In a “securitization” transaction, the (re)insured party transfers risk to a special-purpose entity (such as a cell of Vista L&C, or a stand-alone special purpose financial captive organized by Vista L&C), and that entity, to fund the risk-based capital needed to support the transaction, raises funds from one or more investors.  In some transactions, the investors will manage the assets backing the insurance reserves, while in others, the (re)insured will continue to manage those assets, and the investors will follow the fortunes of the (re)insured.  A securitization transaction may be useful for transferring risks that are difficult to (re)insure in traditional markets, including risks that are out of favor, risks that are priced too conservatively by traditional markets, or transactions that might otherwise be too small.
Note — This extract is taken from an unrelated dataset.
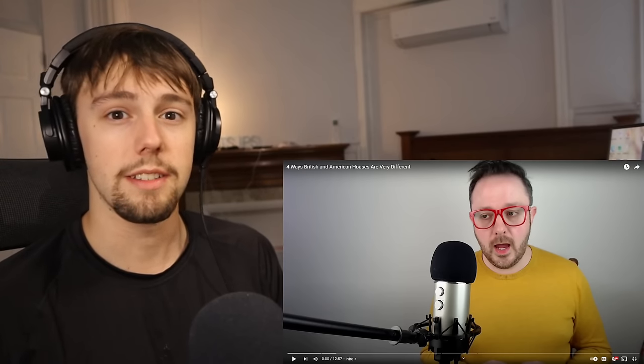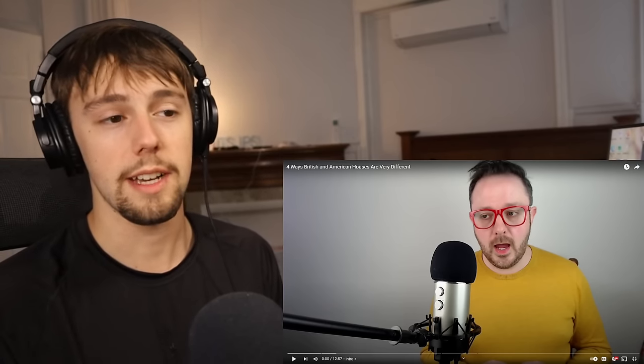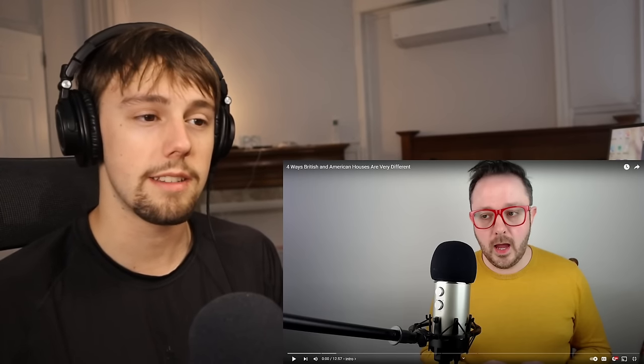What's going on guys? JPS back for another video and today we're going to be reacting to four ways British and American houses are very different. This is another video from Lost in the Pond so make sure you guys go subscribe to his channel. He's lived in both Britain and the United States so he has a lot of experience to speak on when making his videos.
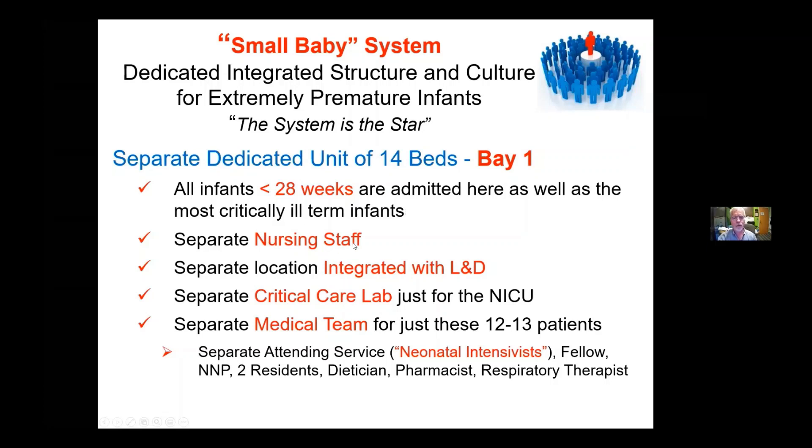There's a separate nursing staff that basically just staffs here. It's hard for a nurse to get good at caring for babies who do not have keratinized skin. If they care for one 22-weeker every two years, it's better for them to be caring for multiple 22 and 23-weekers every month so they get the experience.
In a transaction involving financing embedded value or new business strain, the reinsured party cedes business to a special-purpose entity (such as a cell of Vista L&C, or a stand-alone special purpose financial captive organized by Vista L&C), and that entity pays a cash ceding commission to the reinsured by raising funds from one or more lenders.  The cash ceding commission is available to pay sales agent commissions and/or fronting fees, as well as being available to fund risk-based capital requirements and tax expense arising from differences between tax and statutory reserves.

Captive Reinsurance may be appropriate for insurers willing to retain risk within their group, but where it may be helpful to have those risks reside on a separate, independent statutory balance sheet.  This might allow for risk-based capital relief, more aggressive investment strategies, or more desirable accounting.  Risks that are too difficult to transfer to professional reinsurers may benefit from Captive Reinsurance.